Copropiedad que en la actualidad sigue generando muchos problemas cuando ese décimo resulta ganador y no hay prueba de quienes son los dueños, como demuestra las no pocas ocasiones que se han tenido que pronunciar los tribunales españoles al respecto.

Para evitar futuras controversias, lo más sencillo es plasmar documentalmente el acuerdo. Basta con algo tan sencillo como indicar en el reverso del décimo el nombre, apellidos, DNI y firma de los titulares.

¿Y esto por qué?, porque tal y como ha reiterado la jurisprudencia española “El décimo de lotería son documentos al portador, y por tanto no se reconoce más dueño que la persona que los presenta. De manera que, en principio -y si no se ha acreditado lo contrario-, la posesión es título de dominio, y por ello, la entrega del documento es bastante para transmitir la posesión y con ello ejercitar el derecho al cobro del décimo.”

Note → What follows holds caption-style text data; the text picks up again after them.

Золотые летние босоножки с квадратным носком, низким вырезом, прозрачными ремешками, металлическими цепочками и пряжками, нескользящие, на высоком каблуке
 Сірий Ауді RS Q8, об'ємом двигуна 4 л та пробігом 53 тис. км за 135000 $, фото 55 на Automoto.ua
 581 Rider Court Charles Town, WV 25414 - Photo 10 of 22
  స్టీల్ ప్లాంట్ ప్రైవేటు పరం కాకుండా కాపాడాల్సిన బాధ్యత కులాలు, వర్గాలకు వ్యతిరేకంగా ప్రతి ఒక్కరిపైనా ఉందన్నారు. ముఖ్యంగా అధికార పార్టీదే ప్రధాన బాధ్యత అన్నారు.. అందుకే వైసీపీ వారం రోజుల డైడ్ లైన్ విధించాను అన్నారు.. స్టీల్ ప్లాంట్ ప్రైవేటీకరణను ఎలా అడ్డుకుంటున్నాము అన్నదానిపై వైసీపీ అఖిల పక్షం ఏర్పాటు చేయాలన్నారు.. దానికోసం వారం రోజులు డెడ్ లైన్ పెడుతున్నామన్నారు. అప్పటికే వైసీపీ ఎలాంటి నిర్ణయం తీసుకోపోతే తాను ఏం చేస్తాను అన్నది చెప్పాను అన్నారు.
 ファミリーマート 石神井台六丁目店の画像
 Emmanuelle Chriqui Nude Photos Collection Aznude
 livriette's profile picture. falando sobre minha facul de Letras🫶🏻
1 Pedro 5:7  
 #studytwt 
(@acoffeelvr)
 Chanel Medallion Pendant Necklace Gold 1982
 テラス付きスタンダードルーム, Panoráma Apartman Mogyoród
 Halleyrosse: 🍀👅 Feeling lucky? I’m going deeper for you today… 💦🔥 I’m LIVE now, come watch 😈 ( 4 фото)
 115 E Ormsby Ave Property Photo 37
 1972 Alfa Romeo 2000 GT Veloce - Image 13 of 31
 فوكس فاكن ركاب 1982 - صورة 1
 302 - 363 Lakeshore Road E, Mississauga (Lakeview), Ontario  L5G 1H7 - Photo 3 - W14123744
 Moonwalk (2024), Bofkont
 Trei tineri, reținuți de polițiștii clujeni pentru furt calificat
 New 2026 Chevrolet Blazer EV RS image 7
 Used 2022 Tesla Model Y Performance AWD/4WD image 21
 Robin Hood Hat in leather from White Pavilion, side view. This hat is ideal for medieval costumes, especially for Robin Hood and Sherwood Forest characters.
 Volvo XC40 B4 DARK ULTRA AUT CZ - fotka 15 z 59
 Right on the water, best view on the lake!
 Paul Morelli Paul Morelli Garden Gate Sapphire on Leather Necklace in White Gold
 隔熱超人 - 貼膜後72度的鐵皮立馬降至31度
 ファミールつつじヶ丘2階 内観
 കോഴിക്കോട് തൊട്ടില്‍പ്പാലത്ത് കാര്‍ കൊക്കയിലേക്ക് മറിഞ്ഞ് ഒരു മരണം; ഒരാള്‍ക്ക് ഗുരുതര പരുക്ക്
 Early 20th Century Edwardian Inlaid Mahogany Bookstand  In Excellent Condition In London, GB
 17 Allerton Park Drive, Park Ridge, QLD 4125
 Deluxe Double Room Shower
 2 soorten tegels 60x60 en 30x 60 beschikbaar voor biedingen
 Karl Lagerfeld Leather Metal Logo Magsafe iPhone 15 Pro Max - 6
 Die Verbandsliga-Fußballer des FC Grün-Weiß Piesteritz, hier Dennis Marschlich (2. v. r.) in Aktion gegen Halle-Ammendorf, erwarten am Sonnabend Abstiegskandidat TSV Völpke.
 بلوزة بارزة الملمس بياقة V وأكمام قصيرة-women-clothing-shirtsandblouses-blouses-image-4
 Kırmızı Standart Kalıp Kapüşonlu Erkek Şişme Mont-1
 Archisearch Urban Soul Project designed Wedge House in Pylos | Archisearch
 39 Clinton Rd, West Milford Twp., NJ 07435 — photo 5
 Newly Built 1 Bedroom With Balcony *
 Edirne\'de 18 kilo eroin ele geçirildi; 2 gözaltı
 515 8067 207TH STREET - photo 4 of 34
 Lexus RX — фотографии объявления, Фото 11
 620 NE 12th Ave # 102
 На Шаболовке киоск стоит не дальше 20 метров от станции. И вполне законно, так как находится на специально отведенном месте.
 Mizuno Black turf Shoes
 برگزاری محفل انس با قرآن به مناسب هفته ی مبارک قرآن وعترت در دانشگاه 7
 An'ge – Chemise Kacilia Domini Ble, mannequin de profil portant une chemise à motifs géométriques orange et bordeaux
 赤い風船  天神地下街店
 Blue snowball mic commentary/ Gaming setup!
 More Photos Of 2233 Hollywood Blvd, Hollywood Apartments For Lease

No obstante, y como suele ser habitual en Derecho, esta regla tiene un matiz, si el propietario del décimo está casada bajo el régimen económico de gananciales, el premio será de ambos cónyuges, por así disponerlo expresamente nuestro Código Civil (art. 1351). Sin embargo, si están bajo el régimen de separación de bienes, el premio será exclusivamente suyo. Pero por el momento solo para los matrimonios, no afecta a las parejas ni uniones de hecho, dado que según ha afirmado el Tribunal Constitucional “la unión de hecho es una institución que no tiene nada que ver con el matrimonio, aun cuando las dos estén dentro del derecho de familia”.

¿Y qué consecuencias prevé nuestro Ordenamiento Jurídico para el supuesto de que se incumpla con la obligación de compartirlo?. Si concurren todos los elementos del tipo, puede ser constitutivo de un delito de apropiación indebida previsto en los artículos 253 y 254 del Código Penal, con penas que pueden llegar hasta los 3 años de prisión.

Por lo tanto, con el objetivo de evitar conflictos que pueden llegar a alargarse en el tiempo, suponer un desembolso económico relevante e incluso la comisión de un delito si el asunto llegará a judicializarse, lo  recomendable es dejar constancia de quienes son los dueños de un décimo de lotería.